Pictures with short captions
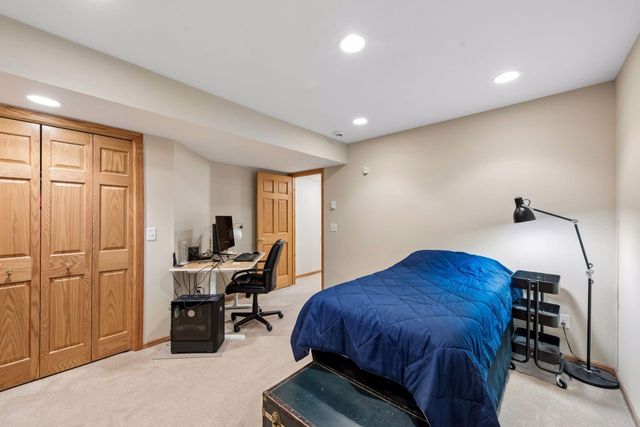 823 Hidden Meadow Trail, Eagan, MN 55123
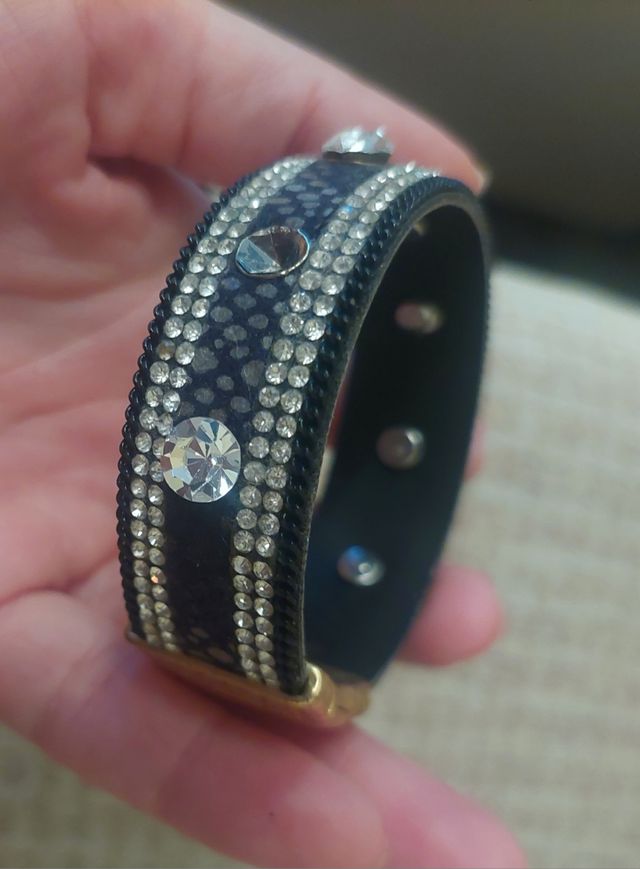 Pulsera negra con brillantes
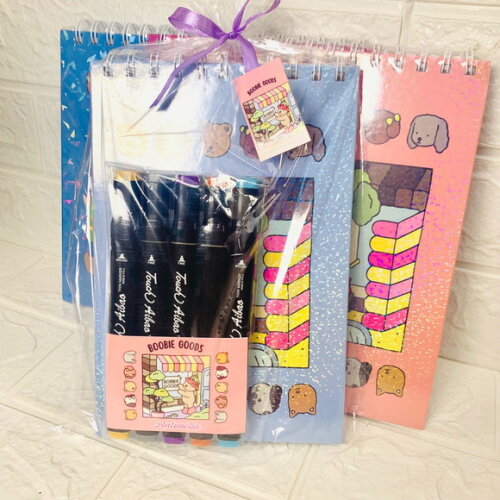 Livro de Colorir Bobbie Goods com 5 Canetinhas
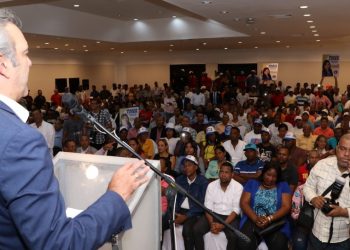 Abinader juramenta en el PRM a la dirección del PRD en Santo Domingo Oeste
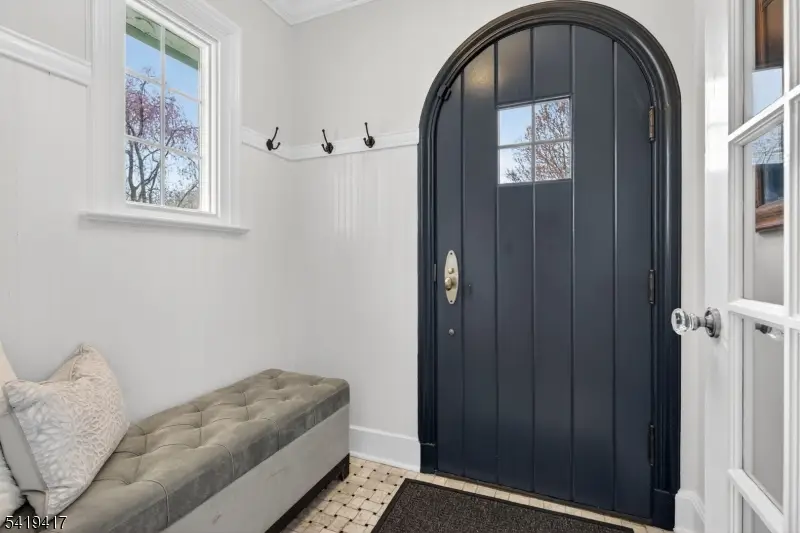 20 Parkview Dr, Millburn, NJ 07041 - #2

- **Problem**
Beginning with the line that contains "Abinader juramenta en" and ending with the last line of the entries above, repeat each line exactly, but not the pictures.

- **Exercise solution**
 Abinader juramenta en el PRM a la dirección del PRD en Santo Domingo Oeste
 20 Parkview Dr, Millburn, NJ 07041 - #2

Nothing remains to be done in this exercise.